◆ Record excerpts
• • • •

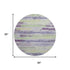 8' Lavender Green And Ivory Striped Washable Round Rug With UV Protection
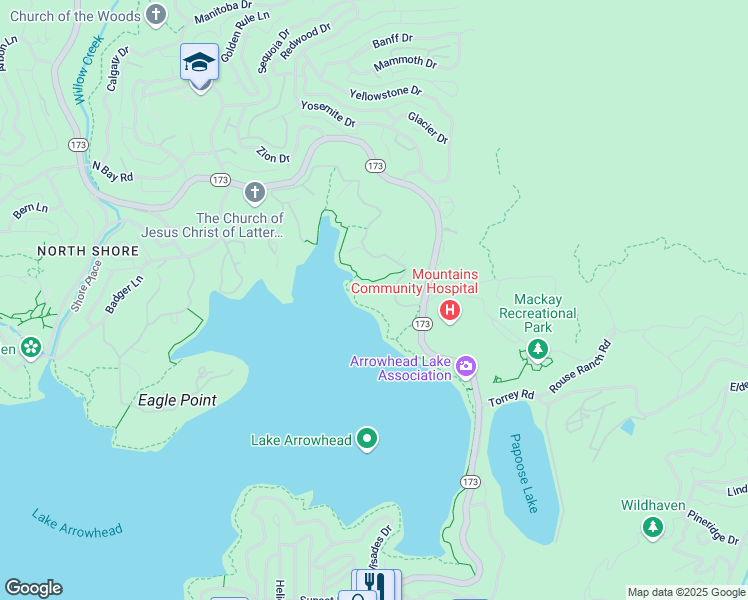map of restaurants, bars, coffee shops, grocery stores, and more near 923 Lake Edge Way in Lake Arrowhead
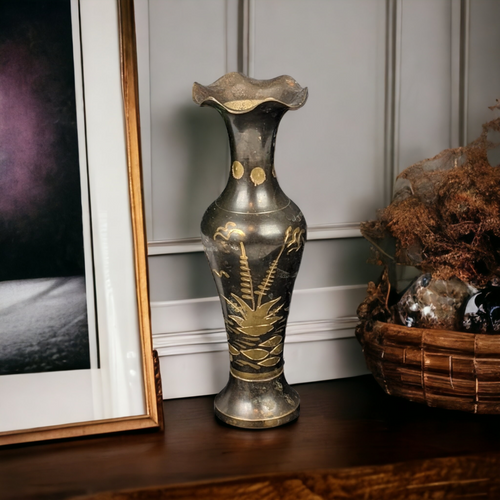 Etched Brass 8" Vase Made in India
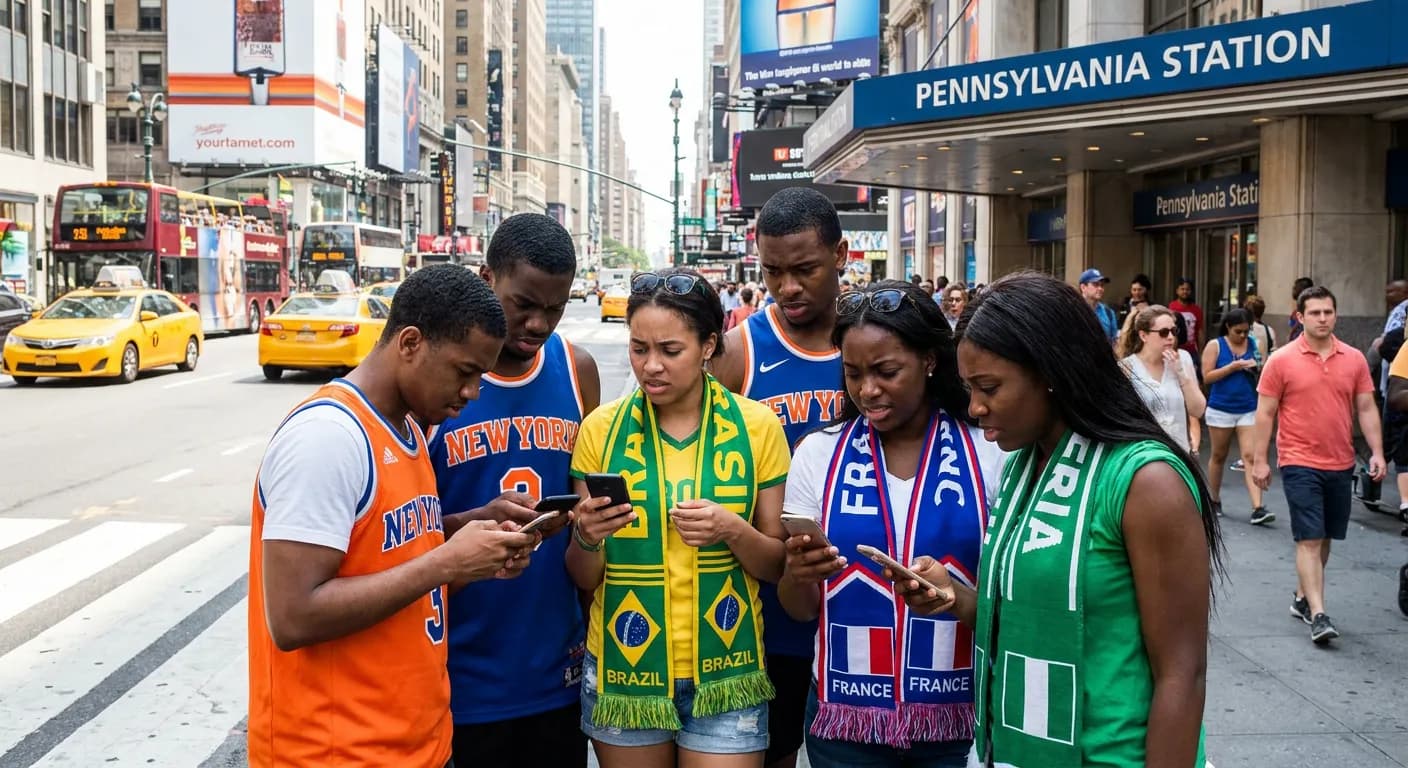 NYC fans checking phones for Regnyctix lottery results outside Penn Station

• • • •

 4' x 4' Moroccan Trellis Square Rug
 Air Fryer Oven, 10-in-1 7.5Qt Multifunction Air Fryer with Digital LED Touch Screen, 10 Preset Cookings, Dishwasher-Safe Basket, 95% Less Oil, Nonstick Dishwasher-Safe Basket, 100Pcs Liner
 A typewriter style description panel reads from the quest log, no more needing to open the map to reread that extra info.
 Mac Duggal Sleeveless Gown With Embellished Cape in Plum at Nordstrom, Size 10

• • • •

◆ Aim of the task
Transcribe, word for word, the lines of the listing above from the one that contains "map of restaurants, bars, coffee" through the one that contains "NYC fans checking", keeping both ends and dropping the pictures.

◆ Result for this exercise
map of restaurants, bars, coffee shops, grocery stores, and more near 923 Lake Edge Way in Lake Arrowhead
 Etched Brass 8" Vase Made in India
 NYC fans checking phones for Regnyctix lottery results outside Penn Station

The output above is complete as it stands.